He maintained his forecast for a gradual recovery in the second half of this year and listed some signs that things were on the right track.

Among these: the fact that funding for banks was 65% higher this month than in the same month last year, that 55% of sovereign bond issuance this year came from non-core countries compared with last year when 95% of sovereign issues were done by core countries, and that Portugal and Ireland tapped the medium to long-term end of the market.

“The repayment of the LTRO is a sign of confidence.
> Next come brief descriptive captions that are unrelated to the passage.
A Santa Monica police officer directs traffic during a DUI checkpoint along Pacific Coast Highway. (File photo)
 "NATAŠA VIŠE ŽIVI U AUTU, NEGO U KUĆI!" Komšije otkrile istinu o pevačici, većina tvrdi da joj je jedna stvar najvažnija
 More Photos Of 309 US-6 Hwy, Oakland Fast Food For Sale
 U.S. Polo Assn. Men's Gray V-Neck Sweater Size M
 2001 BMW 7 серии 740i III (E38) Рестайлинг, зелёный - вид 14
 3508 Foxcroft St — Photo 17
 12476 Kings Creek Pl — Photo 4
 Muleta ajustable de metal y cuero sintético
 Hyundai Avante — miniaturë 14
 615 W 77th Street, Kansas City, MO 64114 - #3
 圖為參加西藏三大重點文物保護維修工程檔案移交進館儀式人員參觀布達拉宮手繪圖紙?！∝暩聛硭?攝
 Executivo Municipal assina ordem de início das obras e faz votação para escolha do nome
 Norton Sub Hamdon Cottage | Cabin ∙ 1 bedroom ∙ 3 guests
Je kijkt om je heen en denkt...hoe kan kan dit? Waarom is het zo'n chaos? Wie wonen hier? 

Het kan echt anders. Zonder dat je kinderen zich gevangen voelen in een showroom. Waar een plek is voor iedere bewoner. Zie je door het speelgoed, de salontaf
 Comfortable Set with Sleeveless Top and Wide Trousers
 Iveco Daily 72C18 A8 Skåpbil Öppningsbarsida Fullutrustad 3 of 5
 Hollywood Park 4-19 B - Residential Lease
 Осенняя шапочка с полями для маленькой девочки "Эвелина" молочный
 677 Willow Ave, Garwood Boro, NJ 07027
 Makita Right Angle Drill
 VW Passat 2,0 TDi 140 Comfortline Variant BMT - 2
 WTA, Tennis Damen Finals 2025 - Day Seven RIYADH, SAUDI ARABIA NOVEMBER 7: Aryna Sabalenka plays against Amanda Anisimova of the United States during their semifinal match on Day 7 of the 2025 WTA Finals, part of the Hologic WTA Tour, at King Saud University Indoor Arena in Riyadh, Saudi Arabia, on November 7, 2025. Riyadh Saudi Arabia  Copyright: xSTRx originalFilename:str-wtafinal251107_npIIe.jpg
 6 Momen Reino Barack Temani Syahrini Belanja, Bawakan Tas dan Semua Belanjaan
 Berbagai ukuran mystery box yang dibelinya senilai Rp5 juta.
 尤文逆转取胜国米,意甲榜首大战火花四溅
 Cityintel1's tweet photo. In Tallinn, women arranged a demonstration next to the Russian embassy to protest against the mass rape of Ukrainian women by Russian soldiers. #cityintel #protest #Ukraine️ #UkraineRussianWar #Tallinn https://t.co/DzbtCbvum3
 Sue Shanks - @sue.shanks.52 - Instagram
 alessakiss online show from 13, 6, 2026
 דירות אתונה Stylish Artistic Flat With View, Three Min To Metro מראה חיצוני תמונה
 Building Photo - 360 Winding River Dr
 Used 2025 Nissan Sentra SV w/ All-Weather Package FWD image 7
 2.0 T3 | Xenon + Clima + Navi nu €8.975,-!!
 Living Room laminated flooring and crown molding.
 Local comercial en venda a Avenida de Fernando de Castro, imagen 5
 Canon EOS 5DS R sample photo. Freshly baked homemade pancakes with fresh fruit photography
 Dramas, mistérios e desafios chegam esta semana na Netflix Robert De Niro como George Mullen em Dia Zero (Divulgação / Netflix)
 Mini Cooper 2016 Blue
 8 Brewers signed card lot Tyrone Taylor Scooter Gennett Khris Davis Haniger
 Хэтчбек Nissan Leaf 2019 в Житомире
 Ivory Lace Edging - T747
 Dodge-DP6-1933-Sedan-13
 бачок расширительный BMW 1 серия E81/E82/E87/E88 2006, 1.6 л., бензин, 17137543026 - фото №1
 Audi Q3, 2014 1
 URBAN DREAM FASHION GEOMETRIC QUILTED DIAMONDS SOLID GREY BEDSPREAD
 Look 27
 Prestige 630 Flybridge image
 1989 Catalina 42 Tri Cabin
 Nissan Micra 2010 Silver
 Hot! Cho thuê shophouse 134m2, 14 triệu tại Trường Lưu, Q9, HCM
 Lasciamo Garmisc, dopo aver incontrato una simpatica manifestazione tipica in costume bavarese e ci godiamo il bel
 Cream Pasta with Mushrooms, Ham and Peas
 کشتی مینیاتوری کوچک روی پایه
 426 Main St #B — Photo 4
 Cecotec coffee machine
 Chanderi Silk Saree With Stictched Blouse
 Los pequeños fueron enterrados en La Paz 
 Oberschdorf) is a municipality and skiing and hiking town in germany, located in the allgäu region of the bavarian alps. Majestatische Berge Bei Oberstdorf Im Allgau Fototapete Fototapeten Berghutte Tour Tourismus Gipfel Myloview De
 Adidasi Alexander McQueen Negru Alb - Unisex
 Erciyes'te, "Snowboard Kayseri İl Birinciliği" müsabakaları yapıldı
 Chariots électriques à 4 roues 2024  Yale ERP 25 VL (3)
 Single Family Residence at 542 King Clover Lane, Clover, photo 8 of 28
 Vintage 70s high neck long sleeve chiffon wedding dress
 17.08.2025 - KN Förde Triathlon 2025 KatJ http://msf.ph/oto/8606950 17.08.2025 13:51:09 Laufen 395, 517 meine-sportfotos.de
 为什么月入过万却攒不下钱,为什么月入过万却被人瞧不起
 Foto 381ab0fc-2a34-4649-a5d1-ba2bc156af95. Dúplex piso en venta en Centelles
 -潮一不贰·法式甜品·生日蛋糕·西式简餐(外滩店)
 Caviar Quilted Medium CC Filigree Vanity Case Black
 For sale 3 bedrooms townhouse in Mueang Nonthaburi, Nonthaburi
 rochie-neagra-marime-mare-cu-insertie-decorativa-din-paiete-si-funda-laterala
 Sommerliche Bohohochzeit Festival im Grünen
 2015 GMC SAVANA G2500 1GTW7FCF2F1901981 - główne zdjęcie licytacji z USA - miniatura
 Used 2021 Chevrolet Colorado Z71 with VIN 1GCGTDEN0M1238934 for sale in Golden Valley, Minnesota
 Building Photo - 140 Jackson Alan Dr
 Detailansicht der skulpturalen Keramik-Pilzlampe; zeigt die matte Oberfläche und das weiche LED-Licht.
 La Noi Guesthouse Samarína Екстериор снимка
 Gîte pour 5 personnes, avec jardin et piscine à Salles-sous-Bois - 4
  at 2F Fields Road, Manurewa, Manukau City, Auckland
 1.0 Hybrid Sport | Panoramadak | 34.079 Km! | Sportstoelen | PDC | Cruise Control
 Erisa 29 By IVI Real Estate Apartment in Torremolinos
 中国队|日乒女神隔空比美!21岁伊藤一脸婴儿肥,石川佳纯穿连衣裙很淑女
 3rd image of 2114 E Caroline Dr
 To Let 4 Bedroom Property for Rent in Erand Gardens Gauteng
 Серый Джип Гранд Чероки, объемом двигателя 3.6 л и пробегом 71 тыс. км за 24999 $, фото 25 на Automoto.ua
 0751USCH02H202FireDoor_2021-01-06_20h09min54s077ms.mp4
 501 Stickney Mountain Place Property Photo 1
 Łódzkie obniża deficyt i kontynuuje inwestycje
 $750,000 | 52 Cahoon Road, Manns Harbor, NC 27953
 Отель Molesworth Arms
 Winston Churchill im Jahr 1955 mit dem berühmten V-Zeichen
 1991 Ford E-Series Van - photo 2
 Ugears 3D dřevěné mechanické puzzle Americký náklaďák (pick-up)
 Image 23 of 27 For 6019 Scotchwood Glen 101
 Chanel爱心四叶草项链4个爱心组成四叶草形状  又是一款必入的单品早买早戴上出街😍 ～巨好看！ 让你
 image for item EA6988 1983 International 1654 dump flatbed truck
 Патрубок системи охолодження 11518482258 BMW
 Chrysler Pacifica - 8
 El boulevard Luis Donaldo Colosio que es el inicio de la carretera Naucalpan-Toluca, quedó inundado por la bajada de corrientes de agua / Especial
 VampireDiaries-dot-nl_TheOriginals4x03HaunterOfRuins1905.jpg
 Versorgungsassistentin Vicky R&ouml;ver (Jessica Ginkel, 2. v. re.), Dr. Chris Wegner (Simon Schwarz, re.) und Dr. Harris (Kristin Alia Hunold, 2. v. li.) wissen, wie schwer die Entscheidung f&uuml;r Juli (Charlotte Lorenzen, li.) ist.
It simply says that a lot of banks accessed the LTRO for precautionary reasons,” Draghi said. “When we estimate repayment for the second LTRO, we are quite persuaded that the excess liquidity will be well over 200 billion, confirming the monetary stance is accommodative.”

He also noted that the current account surpluses of troubled eurozone members continued to increase and that unit labour costs in most of these countries continued to decrease, helping the necessary rebalancing.

“But the situation remains fragile,” said Draghi, adding that credit flow was still weak while the rebound in corporate debt issuance was due to big companies that can finance themselves on the capital markets, but small and medium size companies were “actually constrained” as they need to finance themselves from banks, which are still tight.

“It appears that small banks are tighter than large banks. All in all, credit costs and availability remain challenging,” Draghi said.